Dikutip Gridhot dari Kompas.com, jhal itu diucapkan ketua majelis hakim Pengadilan Tindak Pidana Korupsi (Tipikor) Jakarta, Muhammad Damis saat membacakan hal-hal yang meringankan vonis Juliari, Senin (23/8/2021).
"Terdakwa sudah cukup menderita dicerca, dimaki, dihina oleh masyarakat,” tutur hakim Damis, Senin.
Menurut hakim, Juliari telah divonis oleh masyarakat telah bersalah, padahal secara hukum Juliari belum tentu bersalah sebelum adanya putusan pengadilan yang berkekuatan hukum tetap.Putusan pengadilan itu pun dipertanyakan.
Pakar Hukum Pidana dari Universitas Trisakti Abdul Fickar mengatakan, alasan meringankan majelis hakim Pengadilan Tindak Pidana Korupsi Jakarta dalam memvonis mantan Menteri Sosial Juliari Batubara terlalu mengada-ada. "Alasan itu berlebihan dan mengada-ada. Terlalu jauh," kata Fickar saat dihubungi, Selasa (24/8/2021).
Sementara itu, pakar hukum pidana dari Universitas Al Azhar Indonesia (UAI) Suparji Ahmad menyebut, cacian yang menjadi hal meringankan vonis mantan Menteri Sosial (Mensos) Juliari Batubara mendistorsi atau membiaskan independensi hakim.
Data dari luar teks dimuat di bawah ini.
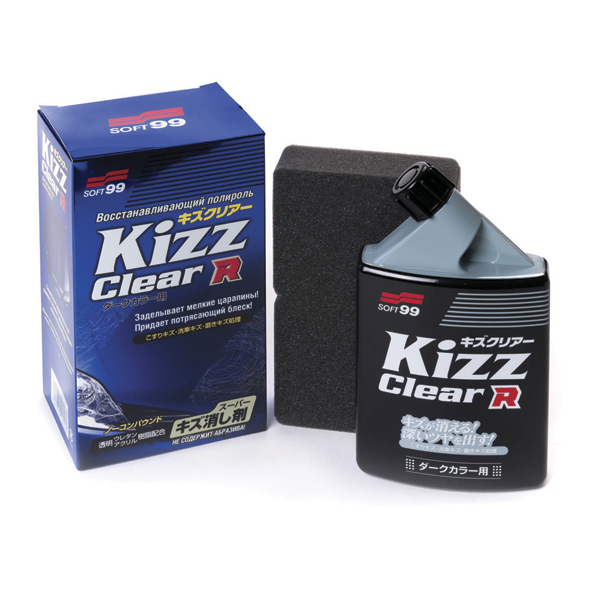 Soft99 полироль для удаления царапин на кузове Kizz Clear для темных, 270 мл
Menurut Suparji, alasan tersebut mengundang polemik karena terpengaruh opini publik yang mencaci maki Juliari akibat tindakan korupsi yang dilakukannya.
"Jadi ini adalah suatu pertimbangan yang agak susah dipertanggungjawabkan dalam konteks hukum karena bisa mendistorsi tentang makna independensi hakim," ujar Suparji kepada Kompas.com, Selasa (24/8/2021).